Leder’s film positions the Russians in the background of a plot by Serbian radicals, in the wake of the Bosnian conflict, working with a renegade Russian Colonel to detonate a nuclear weapon on American soil. They sit uniquely between the old detente bad guys of Cold War espionage and the current era of radicalised Muslim fundamentalists.
The Peacemaker moves like a bullet, zipping around Europe particularly, as our mismatched leads hunt down Alexander Kodoroff (a particularly slimy Alexsandr Baluev), after he detonates a nuclear device on Russian soil. Nicole Kidman has always been particularly good at essaying somewhat uptight women and as nuclear expert Dr Julia Kelly, she brings that level of knowledge laced with incredulousness very well to the fore, especially opposite George Clooney’s Lt. Colonel Tom Devoe, the kind of charming rogue Clooney can play in his sleep. Yes, occasionally, some of the sexual politics between them leaves a little to be desired (Julia often has to be rescued by Devoe), but the script gets across well how these two come from very different worlds.
Julia operates from a world of bookish analysis, studying nuclear threats and the changing geo-political landscape after the fall of the Soviet Union which informs the plot and villains like Kodoroff, who essentially became rich off illegal arms sales after the U.S.S.R combusted and operates like a playboy. Devoe is a man of action and realism and some of the best moments see Clooney play that to maximum effect.
Particularly strong is an action set-piece in Vienna after Clooney beats up an arms dealer only to find his old Russian opposite (played by the great Armin Mueller-Stahl in an extended cameo) gunned down. The way he quite coldly exacts revenge in a skilfully edited car chase which turns into a ram raid shows a brutal side you almost wish Clooney had the chance to play with more often as an actor.
Kodoroff in the end isn’t even the main villain, giving way to the mastermind behind what Devoe & Kelly eventually expose as behind the plot to attack New York City (prescient, eh?). Dusan Gavric (played beautifully with calm zeal by Marcel Iures) describes himself in a manifesto video, curiously, as being “a Serb, a Croat, a Muslim”, perhaps displaying the complexity behind a villainous ideology fuelled by righteous anger at the West for supplying weapons during the conflict in Serbia, but triggered by the tragic death of his family in the wars. Gavric is that most dangerous of villains – a zealot with nothing to lose, and the climax of a seemingly average, middle-aged white man with a nuke in his backpack, walking the New York streets, is quite chilling in retrospect.
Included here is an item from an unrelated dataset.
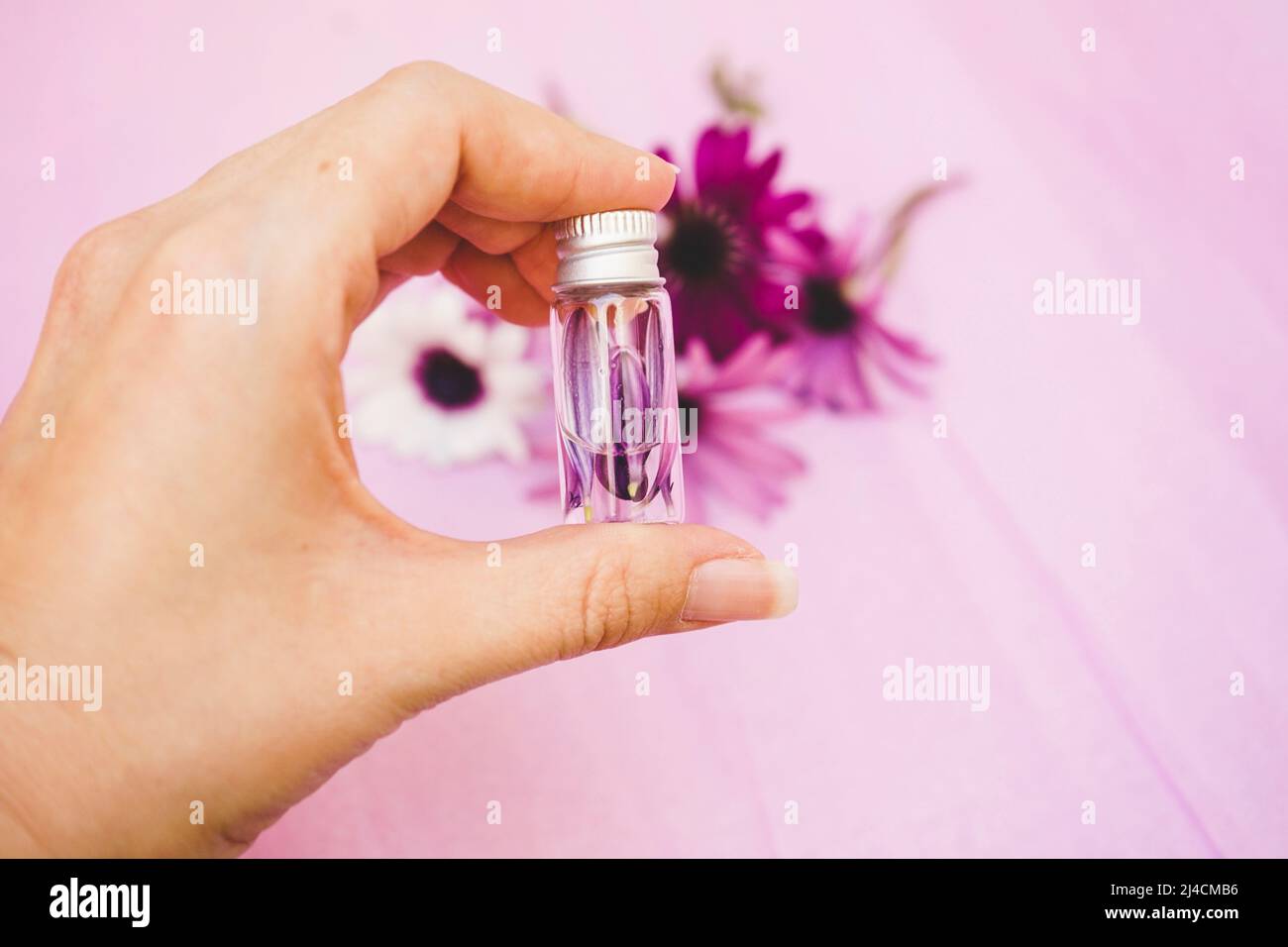 Close up of a hand holding an aromatherapy bottle filled with water and petals Stock Photo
This cues up a finale which is both thrilling and unexpectedly moving, as Devoe & Kelly race against time to find Gavric amongst the melee and stop him from committing what at that time would have been the worst terrorist attack on American soil in history.
Buoyed by Hans Zimmer’s tremendous score, which pulsates across the entire picture with furious bombast, The Peacemaker builds to an ending with no easy answers as to the motives of a man who almost destroys the heartland of modern America. Kelly just breaks down at the end, perhaps aware of how close they came to nuclear oblivion, and an act which would have changed their country forever.
Four short years later, of course, such an act took place with the events of 9/11. The Peacemaker doesn’t exactly see the attack coming, but maybe it does see the writing on the wall. Perhaps it aptly understands the 1990’s as being a world on the verge of not just a new century, but a new era. The end of the Cold War was once described as “the end of history”, but films such as The Peacemaker—for all, ultimately, it’s at times a fairly throwaway action thriller—remind us that the stage may change, but the conflicts remain as sharp and present as they always did.